In this study, we present an early prediction method for sudden cardiac death (SCD) risk using Nested LSTM based on electrocardiogram (ECG) sequential features to predict a patient’s ECG signals. ECG prediction is an effective approach for the early prediction of SCD risk. One limitation of the traditional prediction methods is that it has a low predict accuracy for strong nonlinear ECG, which may turn out to be inappropriate for practical applications. Thus, it is highly desirable to develop an optimized ECG prediction model with a high prediction accuracy. Focusing on the timeliness and accuracy of prediction, this paper focuses on the nonlinear mapping capability of Nested LSTM for ECG signals. The memory cell of Nested LSTM is replaced by an inner LSTM, which has strong memory ability. To demonstrate the effectiveness and applicability of the proposed model, the ECG signals of 20 groups of actual cardiac arrest patients are taken for conducting the empirical study. The experiment results show that the proposed model achieves better performance in comparison with other four models.

The current similar methods include classification and regression techniques. References [14,15,16] employ classification models to anticipate abnormal and non-abnormal ECG patterns, whereas references [21,22,23] utilize regression models to align with ECG signal trends and identify ECG outliers. Distinguished from conventional classification techniques, this approach excels in forecasting the onset of SCD heartbeats, effectively capturing the dynamic, nonlinear, and non-stationary nature of time series, and adeptly accommodating the irregular trends in electrocardiogram signals.

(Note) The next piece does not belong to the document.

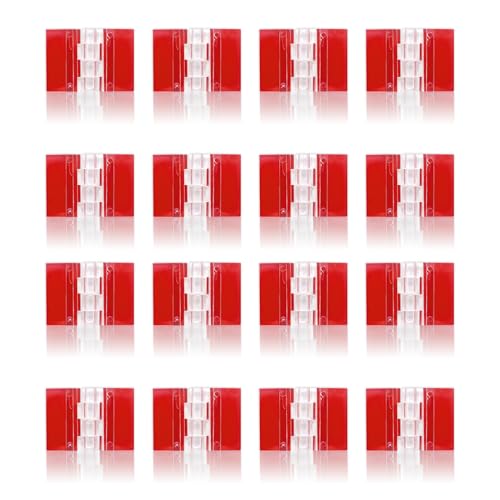 Kyuionty 16 Pack Self-Adhesive Clear Acrylic Hinges, 35x25mm Transparent Folding Plastic Hinges for DIY Box, Display Stand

Furthermore, in contrast to traditional regression methodologies, the study devises an encompassing strategy that merges data preprocessing with predictive model development for ECG prediction. Empirical findings demonstrate a notable reduction in fitting errors, specifically in terms of RMSE and MAE, underscoring the efficacy of this novel methodology.

As for future work, we will study the multi-step prediction method of ECG signal characteristics, and use a series of deep learning methods and reinforcement learning methods to reduce multi-step prediction errors. More significantly, the practical applicability of ECG signal prediction methods will be verified in SCD diagnostic applications, potentially saving patients’ lives from SCD events.